_The data:_
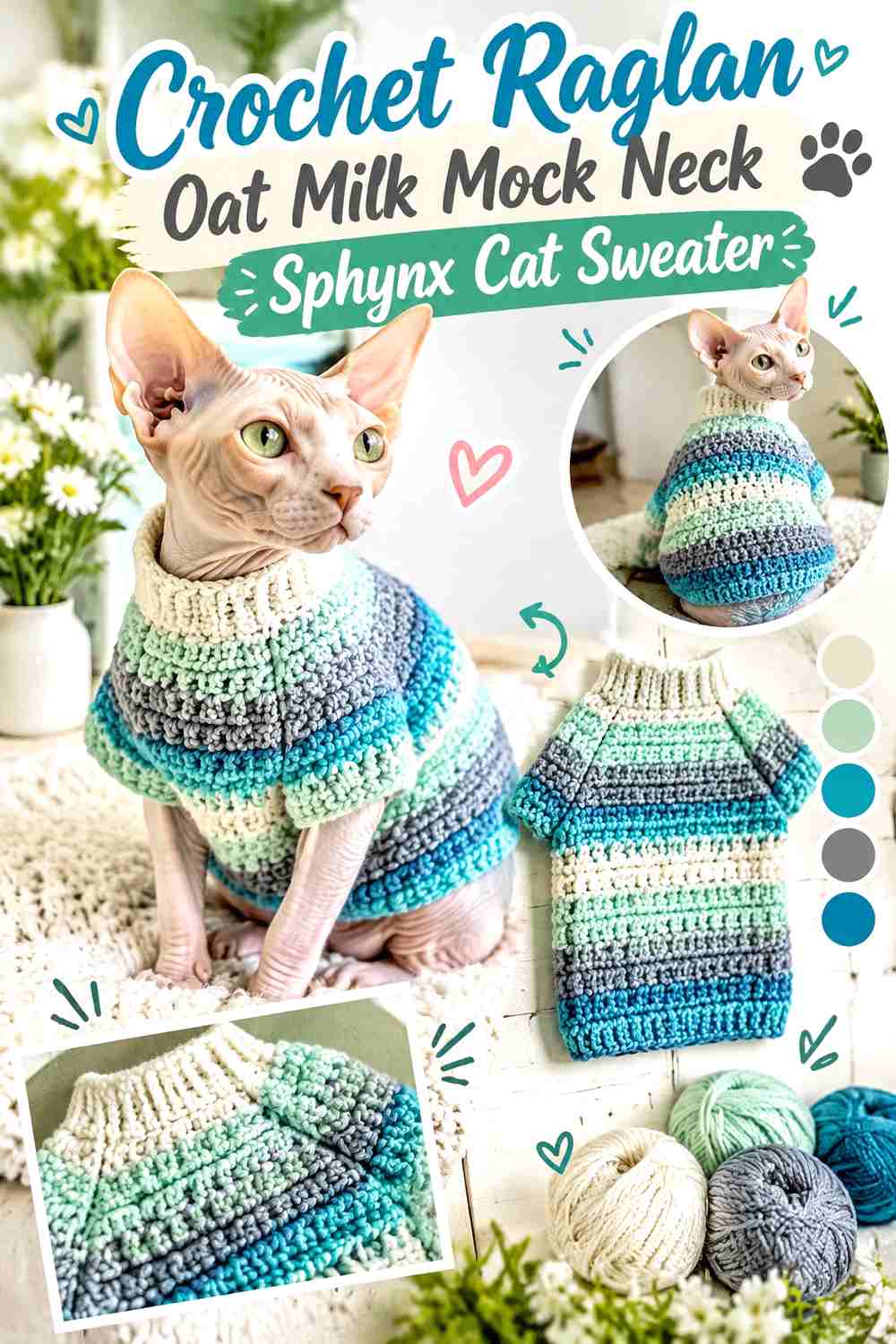 Crochet Raglan Oat Milk Mock Neck Sphynx Cat Sweater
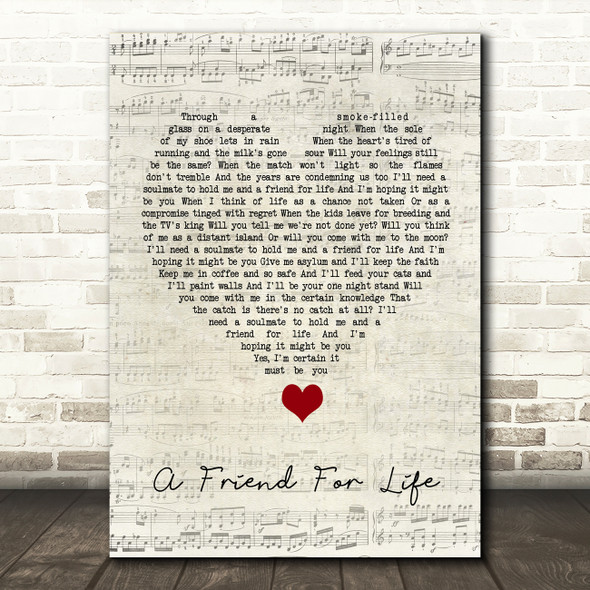 Rod Stewart A Friend For Life Script Heart Song Lyric Quote Music Print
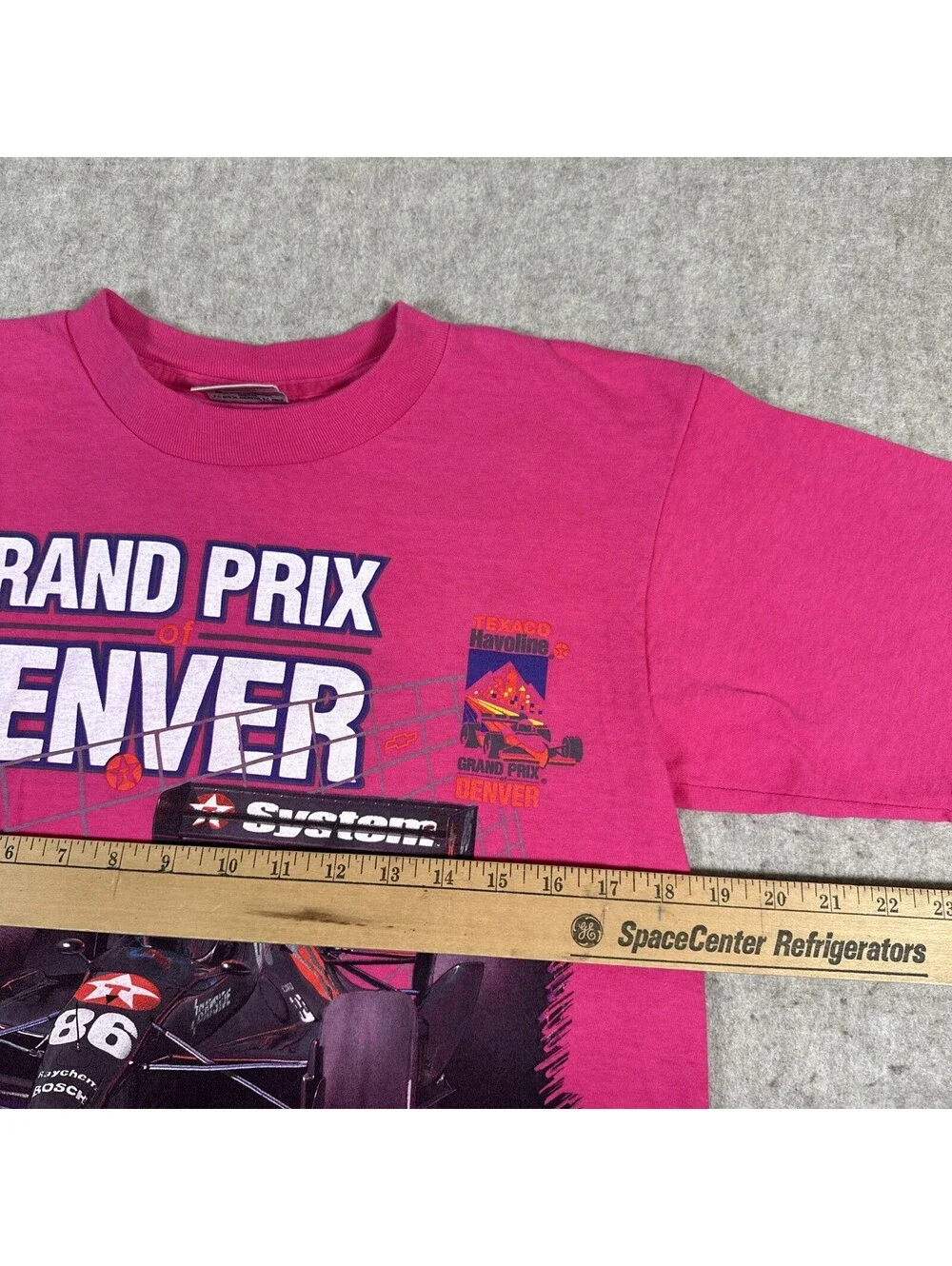 Vintage Grand Prix of Denver F1 Race T Shirt Small-Med? Pink Texaco Single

_The task:_ Only text belongs in the copy: repeat each line of the data exactly and leave out the pictures.

_Solved problem:_
 Crochet Raglan Oat Milk Mock Neck Sphynx Cat Sweater
 Rod Stewart A Friend For Life Script Heart Song Lyric Quote Music Print
 Vintage Grand Prix of Denver F1 Race T Shirt Small-Med? Pink Texaco Single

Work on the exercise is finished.